Subsidiary Saks Off 5th, originally a clearance store for Saks Fifth Avenue, is now a large off-price retailer in its own right managed independently from Saks Fifth Avenue under HBC.

History

Early history 

Andrew Saks was born to a German Jewish family, in Baltimore, Maryland. He worked as a peddler and paper boy before moving to Washington, D.C. where at the age of only 20, and in the still-chaotic and tough economic times of 1867, only two years after the United States prevailed in the American Civil War, he established a men's clothing store with his brother Isadore. A. Saks & Co. occupied a storefront in the Avenue House Hotel building at 517 (300-308) 7th Street, N.W., in what is still Washington's downtown shopping district. Saks offered his goods at one price only, no bargaining, and offered refunds on merchandise returns, neither of which were the more common practice at that place and time. Saks was also known for its "forceful and interesting, but strictly truthful" newspaper advertising, according to the Washington Evening Star, including a two-page spread, large for that time, in that newspaper on April 4, 1898. Saks annexed the store next door, and in 1887 started building a large new store on the site of the old Avenue Hotel Building at 7th and Market Space (now United States Navy Memorial Plaza).
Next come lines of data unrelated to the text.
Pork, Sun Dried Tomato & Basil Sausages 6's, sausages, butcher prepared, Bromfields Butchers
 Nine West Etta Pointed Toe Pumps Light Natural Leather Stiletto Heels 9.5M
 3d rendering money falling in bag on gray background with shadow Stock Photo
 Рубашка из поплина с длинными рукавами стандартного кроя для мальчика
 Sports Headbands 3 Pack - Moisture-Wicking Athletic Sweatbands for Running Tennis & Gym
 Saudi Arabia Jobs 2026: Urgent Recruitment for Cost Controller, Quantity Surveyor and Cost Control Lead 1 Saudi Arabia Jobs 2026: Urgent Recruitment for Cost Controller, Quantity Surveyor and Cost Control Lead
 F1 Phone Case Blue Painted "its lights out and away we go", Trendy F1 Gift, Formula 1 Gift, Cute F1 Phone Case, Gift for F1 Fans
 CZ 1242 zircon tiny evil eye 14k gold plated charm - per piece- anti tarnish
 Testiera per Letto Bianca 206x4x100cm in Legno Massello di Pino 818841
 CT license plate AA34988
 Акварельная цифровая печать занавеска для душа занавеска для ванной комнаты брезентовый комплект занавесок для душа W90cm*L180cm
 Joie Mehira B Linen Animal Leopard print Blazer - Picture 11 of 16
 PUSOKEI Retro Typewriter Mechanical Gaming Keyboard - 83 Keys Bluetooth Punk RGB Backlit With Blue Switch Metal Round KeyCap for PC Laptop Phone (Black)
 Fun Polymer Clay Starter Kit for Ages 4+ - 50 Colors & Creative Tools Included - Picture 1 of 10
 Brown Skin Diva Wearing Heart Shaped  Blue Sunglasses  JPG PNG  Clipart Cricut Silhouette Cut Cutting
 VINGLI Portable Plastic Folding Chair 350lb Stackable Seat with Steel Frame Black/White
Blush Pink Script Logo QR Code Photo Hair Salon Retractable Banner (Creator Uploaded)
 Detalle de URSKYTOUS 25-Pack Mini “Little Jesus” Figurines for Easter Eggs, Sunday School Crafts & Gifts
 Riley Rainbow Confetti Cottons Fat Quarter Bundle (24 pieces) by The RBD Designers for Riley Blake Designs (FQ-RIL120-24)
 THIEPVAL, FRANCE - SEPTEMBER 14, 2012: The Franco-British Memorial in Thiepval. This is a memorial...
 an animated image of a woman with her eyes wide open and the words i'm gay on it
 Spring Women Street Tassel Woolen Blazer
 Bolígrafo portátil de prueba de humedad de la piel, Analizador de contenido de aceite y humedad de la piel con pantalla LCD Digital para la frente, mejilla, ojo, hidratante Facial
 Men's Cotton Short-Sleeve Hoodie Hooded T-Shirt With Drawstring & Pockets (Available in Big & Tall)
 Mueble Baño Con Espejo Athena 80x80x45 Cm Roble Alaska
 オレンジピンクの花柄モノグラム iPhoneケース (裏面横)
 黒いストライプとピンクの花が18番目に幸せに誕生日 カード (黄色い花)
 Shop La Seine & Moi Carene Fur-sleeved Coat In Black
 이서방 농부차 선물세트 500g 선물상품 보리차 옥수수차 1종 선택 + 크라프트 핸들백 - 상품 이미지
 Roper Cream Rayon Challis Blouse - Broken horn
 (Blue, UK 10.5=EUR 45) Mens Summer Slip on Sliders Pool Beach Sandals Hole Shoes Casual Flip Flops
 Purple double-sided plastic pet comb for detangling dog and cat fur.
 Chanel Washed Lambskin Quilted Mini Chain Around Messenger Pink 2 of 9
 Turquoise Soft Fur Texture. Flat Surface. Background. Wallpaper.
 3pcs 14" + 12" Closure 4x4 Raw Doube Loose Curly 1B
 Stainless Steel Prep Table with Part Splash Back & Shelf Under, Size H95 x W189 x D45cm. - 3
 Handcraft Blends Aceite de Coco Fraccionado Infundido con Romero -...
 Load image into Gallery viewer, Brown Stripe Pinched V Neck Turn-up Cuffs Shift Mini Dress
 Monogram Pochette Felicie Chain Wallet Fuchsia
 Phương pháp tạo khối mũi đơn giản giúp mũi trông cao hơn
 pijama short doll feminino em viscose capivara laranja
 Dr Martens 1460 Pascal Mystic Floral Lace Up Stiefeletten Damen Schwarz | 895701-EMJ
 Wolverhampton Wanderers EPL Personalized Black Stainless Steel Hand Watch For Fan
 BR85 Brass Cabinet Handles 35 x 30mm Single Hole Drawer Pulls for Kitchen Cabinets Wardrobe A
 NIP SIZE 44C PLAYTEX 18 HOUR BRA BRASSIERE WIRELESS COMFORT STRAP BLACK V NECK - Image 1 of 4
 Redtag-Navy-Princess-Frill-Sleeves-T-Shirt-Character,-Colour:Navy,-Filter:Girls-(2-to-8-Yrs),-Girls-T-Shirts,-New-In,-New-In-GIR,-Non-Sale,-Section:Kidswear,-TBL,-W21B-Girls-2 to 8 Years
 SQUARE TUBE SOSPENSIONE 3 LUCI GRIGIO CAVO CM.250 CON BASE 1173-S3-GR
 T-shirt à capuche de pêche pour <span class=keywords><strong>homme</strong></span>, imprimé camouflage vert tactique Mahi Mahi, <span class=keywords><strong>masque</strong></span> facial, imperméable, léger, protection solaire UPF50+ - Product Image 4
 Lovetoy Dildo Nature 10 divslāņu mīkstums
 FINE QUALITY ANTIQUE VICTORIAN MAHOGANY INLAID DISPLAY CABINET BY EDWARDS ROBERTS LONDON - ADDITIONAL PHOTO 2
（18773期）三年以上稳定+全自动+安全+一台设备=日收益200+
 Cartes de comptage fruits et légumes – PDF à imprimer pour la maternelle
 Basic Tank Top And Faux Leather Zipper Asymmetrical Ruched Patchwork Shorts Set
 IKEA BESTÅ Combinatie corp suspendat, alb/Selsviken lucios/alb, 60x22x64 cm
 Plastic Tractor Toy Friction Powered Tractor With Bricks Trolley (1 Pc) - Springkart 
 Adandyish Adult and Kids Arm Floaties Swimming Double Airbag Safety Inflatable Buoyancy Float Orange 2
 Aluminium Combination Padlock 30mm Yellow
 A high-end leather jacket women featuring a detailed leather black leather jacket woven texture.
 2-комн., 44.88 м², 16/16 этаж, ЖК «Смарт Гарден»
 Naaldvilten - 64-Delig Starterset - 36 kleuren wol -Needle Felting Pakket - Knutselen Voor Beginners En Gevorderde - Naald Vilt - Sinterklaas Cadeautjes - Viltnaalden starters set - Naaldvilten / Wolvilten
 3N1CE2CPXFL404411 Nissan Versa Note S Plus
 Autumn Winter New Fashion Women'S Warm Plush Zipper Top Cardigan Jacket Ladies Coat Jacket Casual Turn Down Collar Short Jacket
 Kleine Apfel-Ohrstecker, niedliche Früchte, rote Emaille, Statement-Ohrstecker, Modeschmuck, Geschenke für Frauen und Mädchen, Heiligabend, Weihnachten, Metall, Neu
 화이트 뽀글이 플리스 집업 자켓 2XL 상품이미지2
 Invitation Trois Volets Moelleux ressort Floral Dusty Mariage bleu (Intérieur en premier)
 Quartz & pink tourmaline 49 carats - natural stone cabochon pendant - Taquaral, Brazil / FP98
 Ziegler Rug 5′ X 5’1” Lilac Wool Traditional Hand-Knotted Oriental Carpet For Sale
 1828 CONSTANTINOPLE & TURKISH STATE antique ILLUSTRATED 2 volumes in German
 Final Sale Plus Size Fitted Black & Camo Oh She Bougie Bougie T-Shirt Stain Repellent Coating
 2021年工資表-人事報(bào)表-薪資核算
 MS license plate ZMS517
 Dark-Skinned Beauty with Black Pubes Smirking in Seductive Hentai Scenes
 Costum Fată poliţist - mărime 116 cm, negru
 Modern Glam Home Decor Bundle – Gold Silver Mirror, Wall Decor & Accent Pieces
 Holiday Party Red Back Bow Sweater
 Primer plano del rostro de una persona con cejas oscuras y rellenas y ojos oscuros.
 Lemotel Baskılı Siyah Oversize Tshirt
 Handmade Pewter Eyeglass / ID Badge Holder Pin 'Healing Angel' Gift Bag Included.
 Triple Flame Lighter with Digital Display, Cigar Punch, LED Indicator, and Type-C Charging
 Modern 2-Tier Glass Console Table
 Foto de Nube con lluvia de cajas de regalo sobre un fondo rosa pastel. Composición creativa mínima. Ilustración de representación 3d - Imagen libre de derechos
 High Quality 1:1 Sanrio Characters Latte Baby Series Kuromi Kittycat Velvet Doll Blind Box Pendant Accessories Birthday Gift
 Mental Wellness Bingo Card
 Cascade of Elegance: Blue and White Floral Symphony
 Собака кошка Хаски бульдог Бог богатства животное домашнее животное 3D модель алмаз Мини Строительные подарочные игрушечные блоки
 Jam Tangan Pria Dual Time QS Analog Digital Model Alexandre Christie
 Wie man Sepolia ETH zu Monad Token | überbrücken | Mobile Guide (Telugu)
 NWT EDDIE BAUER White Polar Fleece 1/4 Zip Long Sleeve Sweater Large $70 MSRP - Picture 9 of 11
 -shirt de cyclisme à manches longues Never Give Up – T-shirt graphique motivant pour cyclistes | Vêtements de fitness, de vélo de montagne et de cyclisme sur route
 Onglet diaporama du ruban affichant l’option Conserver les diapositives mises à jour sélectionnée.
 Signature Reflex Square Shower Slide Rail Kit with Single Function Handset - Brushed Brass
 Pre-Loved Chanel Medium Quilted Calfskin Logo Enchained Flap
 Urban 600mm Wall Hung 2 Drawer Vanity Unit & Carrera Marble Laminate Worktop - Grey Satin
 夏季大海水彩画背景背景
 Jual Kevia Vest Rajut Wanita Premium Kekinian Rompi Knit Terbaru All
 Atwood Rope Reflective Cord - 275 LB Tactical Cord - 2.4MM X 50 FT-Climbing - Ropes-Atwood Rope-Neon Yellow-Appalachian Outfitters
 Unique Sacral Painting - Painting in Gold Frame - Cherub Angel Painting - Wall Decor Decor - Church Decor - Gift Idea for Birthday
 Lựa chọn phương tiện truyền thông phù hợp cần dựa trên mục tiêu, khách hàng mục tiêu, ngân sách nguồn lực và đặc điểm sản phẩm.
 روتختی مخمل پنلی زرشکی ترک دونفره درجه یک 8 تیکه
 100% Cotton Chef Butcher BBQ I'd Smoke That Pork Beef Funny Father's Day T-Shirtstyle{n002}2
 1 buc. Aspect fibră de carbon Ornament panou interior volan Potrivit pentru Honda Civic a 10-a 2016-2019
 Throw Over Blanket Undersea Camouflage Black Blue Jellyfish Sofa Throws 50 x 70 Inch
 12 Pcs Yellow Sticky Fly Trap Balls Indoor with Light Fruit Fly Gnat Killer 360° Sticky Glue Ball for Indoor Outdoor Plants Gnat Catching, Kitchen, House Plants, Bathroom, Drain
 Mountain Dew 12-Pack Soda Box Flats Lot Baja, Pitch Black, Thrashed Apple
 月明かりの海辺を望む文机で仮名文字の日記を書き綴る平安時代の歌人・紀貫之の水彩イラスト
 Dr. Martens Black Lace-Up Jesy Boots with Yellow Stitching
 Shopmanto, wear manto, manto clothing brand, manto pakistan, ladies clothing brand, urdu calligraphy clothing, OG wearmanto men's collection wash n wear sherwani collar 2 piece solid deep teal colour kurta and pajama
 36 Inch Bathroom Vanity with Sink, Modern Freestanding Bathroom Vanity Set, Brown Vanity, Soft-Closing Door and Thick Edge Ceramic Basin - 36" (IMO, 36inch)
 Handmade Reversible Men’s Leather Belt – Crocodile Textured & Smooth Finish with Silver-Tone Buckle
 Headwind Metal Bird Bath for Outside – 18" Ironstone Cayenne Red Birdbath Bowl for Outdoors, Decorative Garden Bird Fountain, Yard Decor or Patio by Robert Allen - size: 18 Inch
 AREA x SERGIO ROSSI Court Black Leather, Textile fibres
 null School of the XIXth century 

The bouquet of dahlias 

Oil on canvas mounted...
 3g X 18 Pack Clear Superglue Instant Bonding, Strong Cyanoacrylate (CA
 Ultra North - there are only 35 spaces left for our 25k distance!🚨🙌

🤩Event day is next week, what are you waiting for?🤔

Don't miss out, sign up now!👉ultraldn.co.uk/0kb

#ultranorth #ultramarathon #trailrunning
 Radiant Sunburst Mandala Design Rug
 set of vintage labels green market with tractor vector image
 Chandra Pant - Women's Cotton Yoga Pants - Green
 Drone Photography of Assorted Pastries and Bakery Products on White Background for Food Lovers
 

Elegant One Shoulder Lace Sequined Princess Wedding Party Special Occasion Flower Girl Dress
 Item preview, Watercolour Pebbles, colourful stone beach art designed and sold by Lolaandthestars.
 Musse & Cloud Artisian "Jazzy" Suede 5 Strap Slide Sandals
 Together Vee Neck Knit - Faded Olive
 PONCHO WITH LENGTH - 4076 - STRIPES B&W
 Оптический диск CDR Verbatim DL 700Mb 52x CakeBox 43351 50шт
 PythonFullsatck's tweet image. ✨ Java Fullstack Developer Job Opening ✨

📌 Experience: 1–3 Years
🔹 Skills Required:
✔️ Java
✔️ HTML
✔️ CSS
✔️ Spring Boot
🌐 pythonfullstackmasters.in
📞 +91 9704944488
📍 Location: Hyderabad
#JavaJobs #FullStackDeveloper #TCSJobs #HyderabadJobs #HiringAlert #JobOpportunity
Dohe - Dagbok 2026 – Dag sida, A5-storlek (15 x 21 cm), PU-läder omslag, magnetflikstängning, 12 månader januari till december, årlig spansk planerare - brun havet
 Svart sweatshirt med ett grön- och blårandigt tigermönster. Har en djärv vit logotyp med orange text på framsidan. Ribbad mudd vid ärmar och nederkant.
In 1896 Saks opened a branch store in Indianapolis in Ingall's Block, which was a success. then they expanded to Norfolk, Virginia, and by 1897 had six stores: Washington, D.C., Richmond, Virginia, Norfolk, Virginia, Indianapolis, and two stores as well as a clothing factory in New York City. Saks called itself "Washington's Wonderful Store".

20th century 
Saks opened a very large store in 1902 in New York City's Herald Square on 34th Street and Broadway. Andrew Saks ran the New York store as a family affair with his brother Isadore, and his sons Horace and William. Andrew Saks died in 1912 and his son Horace took over the company's management.

In 1923, Saks & Co. merged with Gimbel Brothers, Inc., which was owned by a cousin of Horace Saks, Bernard Gimbel, operating as a separate autonomous subsidiary.  On September 15, 1924, Horace Saks and Bernard Gimbel opened in the Saks Fifth Avenue Building at 611 Fifth Avenue, with a full-block avenue frontage south of St. Patrick's Cathedral, facing what would become Rockefeller Center. The architects were Starrett & van Vleck, who developed a design derived from classical architecture.

When Bernard's cousin, Adam Gimbel, became president of Saks Fifth Avenue in 1926 after Horace Saks's sudden death, the company expanded, opening seasonal resort branches in Palm Beach, Florida, and Southampton, New York, in 1928. The first full-line year-round Saks store opened in Chicago, in 1929, followed by another resort store in Miami Beach, Florida. In 1938, Saks expanded to the West Coast, opening in Beverly Hills, California. By the end of the 1930s, Saks Fifth Avenue had a total of 10 stores, including resort locations such as Sun Valley, Idaho, Mount Stowe, and Newport, Rhode Island.  More full-line stores followed with Detroit, Michigan, in 1940 and Pittsburgh, Pennsylvania, in 1949. In Downtown Pittsburgh, the company moved to its own freestanding location approximately one block from its former home on the fourth floor in the downtown Gimbel's flagship. The San Francisco location opened in 1952, competing locally with I. Magnin. BATUS Inc. acquired Gimbel Bros., Inc. and its Saks Fifth Avenue subsidiary in 1973 as part of its diversification strategy. More expansion followed from the 1960s through the 1990s including the Midwest, and the South, particularly in Texas. In 1990, BATUS sold Saks to Investcorp S.A., which took Saks public in 1996 as Saks Holdings, Inc.

In 1990, the company launched "Saks Off 5th", an outlet store offshoot of the main brand, with 107 stores worldwide by 2016.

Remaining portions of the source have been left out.